The labour theory of value as an explanation of modern prices cannot even get off the ground unless money is a produced commodity with a labour value, but, quite clearly, we live in a monetary economy where virtually all exchanges occur by exchanging fiat money for commodities, and fiat money has no labour value in Marx’s sense. In our world of fiat money, Marx’s labour theory of value – as presented in volume 1 of Capital – is intellectually bankrupt.

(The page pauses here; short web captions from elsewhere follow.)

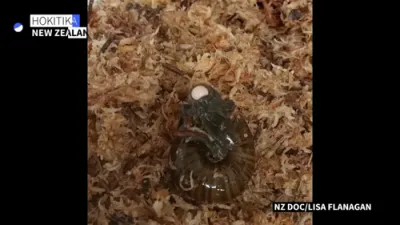 Rare New Zealand Snail Lays Egg from Its Neck.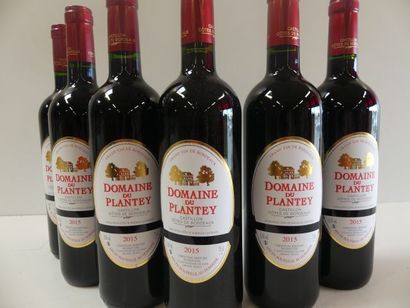 null 6 bouteilles de Domaine du Plantey Côtes de Castillon 2015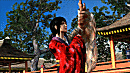 [FS]   Virtua Fighter 5  [ XBOX360 ]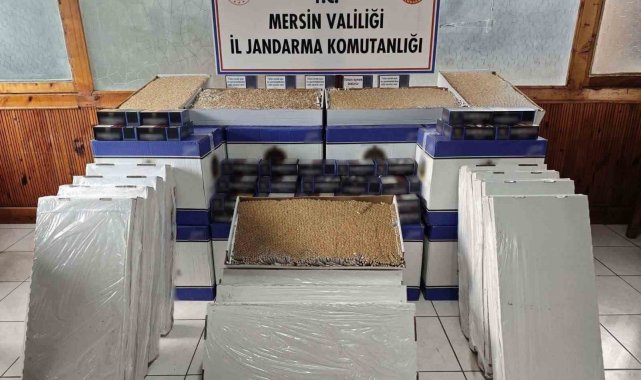 Mersin'de 500 bin adet makaron ele geçirildi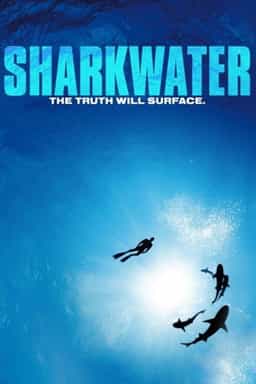 13894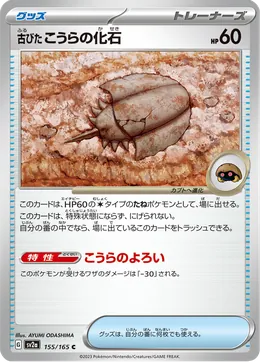 Antikes Domfossil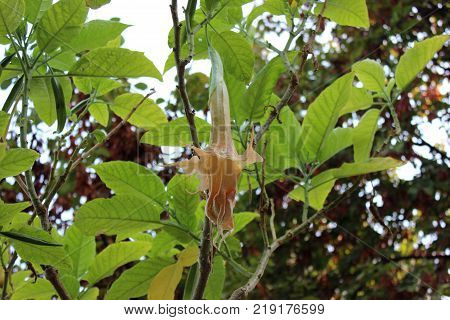 Tender brugmansia flower on the tree. Angel trumpet flower in garden. Brugmansia arborea in botanical garden.
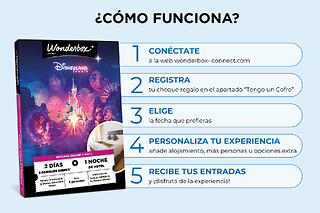 Disneyland Paris Estancia - 2 días /  2 parques - 1 noche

Could it be salvaged? It might be salvaged, but only with radical revisions, such as giving up the view that money needs to be a commodity. Marx might, for example, argue that money need not be a commodity at all but could still be used as a unit of account to measure and price socially necessary labour time in the way I have sketched here.
But even then that would not address the following problems:
(1) the problem of reducing all heterogeneous human labour to a homogeneous abstract socially necessary labour time unit;BIBLIOGRAPHY
(2) the question of why free human wage labour should have a special power that animals, slaves or machines do not have;
(3) the empirical reality that prices are not set by means of abstract socially necessary labour time, and
(4) the problem that surplus labour value (if that concept could even be adequately defended) would not really explain money profits, since money profits can exist in a slave-based economy and very probably even in an economy where machines did most of the work.
Marx, Karl. 1906. Capital. A Critique of Political Economy (vol. 1; rev. trans. by Ernest Untermann from 4th German edn.). The Modern Library, New York.
Marx, Karl. 1990. Capital. A Critique of Political Economy. Volume One (trans. Ben Fowkes). Penguin Books, London.